Finding non-trivial linear combination

[trojansc82]

Homework Statement

Show that the set is linearly dependent by finding a nontrivial linear combination (of vectors in the set) whose sum is the zero vector. Then express one of the vectors in the set as a linear combination of the other vectors in the set.

Homework Equations

c₁(u1,u₂,₃) + c₂(v₁,v₂,v₃) +c₃(w₁,w₂,w₃)

The Attempt at a Solution

I'm unable to find a way to solve this using Gauss-Jordan elimination.
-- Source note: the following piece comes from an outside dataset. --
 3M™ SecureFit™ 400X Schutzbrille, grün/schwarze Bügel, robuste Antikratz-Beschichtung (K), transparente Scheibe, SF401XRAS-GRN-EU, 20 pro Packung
My initial matrix looks like this:

[ 3 -1 2 0 ]
[ 4 1 0 0 ]

 

[Mark44]

Homework Statement

Show that the set is linearly dependent by finding a nontrivial linear combination (of vectors in the set) whose sum is the zero vector. Then express one of the vectors in the set as a linear combination of the other vectors in the set.

Homework Equations

c₁(u1,u₂,₃) + c₂(v₁,v₂,v₃) +c₃(w₁,w₂,w₃)

The Attempt at a Solution

I'm unable to find a way to solve this using Gauss-Jordan elimination. My initial matrix looks like this:

[ 3 -1 2 0 ]
[ 4 1 0 0 ]

Are the vectors you are to show are linearly dependent the first three columns of your matrix? To use Gauss-Jordan, you could start by adding (-4) times the first row to 3 times the second row.

 

[trojansc82]

Are the vectors you are to show are linearly dependent the first three columns of your matrix? To use Gauss-Jordan, you could start by adding (-4) times the first row to 3 times the second row.

I did that, and all it did was get rid of the coefficient c₁. I now have:

[3 -1 2 0]
[0 -7 8 0]

I'm confused as to how to proceed from this point.

 

[Mark44]

1. Multiply row 2 by -1/7 to make the first entry in that row a 1.
2. Use that entry to eliminate the entry directly above it.
3. Multiply row 1 by 1/3.
The matrix will now be in reduced, row-echelon form. Read off the coefficients of c1, c2, and c3.

 

[trojansc82]

1. Multiply row 2 by -1/7 to make the first entry in that row a 1.
2. Use that entry to eliminate the entry directly above it.
3. Multiply row 1 by 1/3.
The matrix will now be in reduced, row-echelon form. Read off the coefficients of c1, c2, and c3.

In row 1, I have c1 = 1, c2 = 0, c3 = 2/7.

However, the answer in the back of the book states that the coefficients are c1=1, c2=-4, and c3=7/2.

 

[HallsofIvy]

Without using matrices:

Assuming your vectors are <3, 4> , <-1, 1>, < 2, 0>, then any linear combination is of the form a<3, 4>+ b<-1, 1>+ c<2, 0>= <3a- b+ c, 4a+ b> and you want that equal to the 0 vector, <0, 0> so you want 3a- b+ c= 0 and 4a+ b= 0.

That is two equations in three unknowns so of course there are an infinite number of solutions.

If you do what Mark44 suggested, divide the first row by 3 and the second by -7, you get
\begin{bmatrix}1 &amp; -\frac{1}{3} &amp; \frac{2}{3} &amp; 0 \\ 0 &amp; 1 &amp; -\frac{8}{7} &amp; 0 \end{bmatrix}

Which does NOT give specific numbers as solutions. There are, as I said, an infinite number of solutions. The first row of the matrix is equivalent to the equation c_1- (1/3)c_2+ (2/3)c_3= 0 and the second row is equivalent to the equation c_2- (8/7)c_3= 0. You can solve the second equation for c_2 as a multiple of c_3, replace c_2 in the first equation with that and then solve for c_1 as a multiple of c_3. Choosing different values for c_3 will give different answers.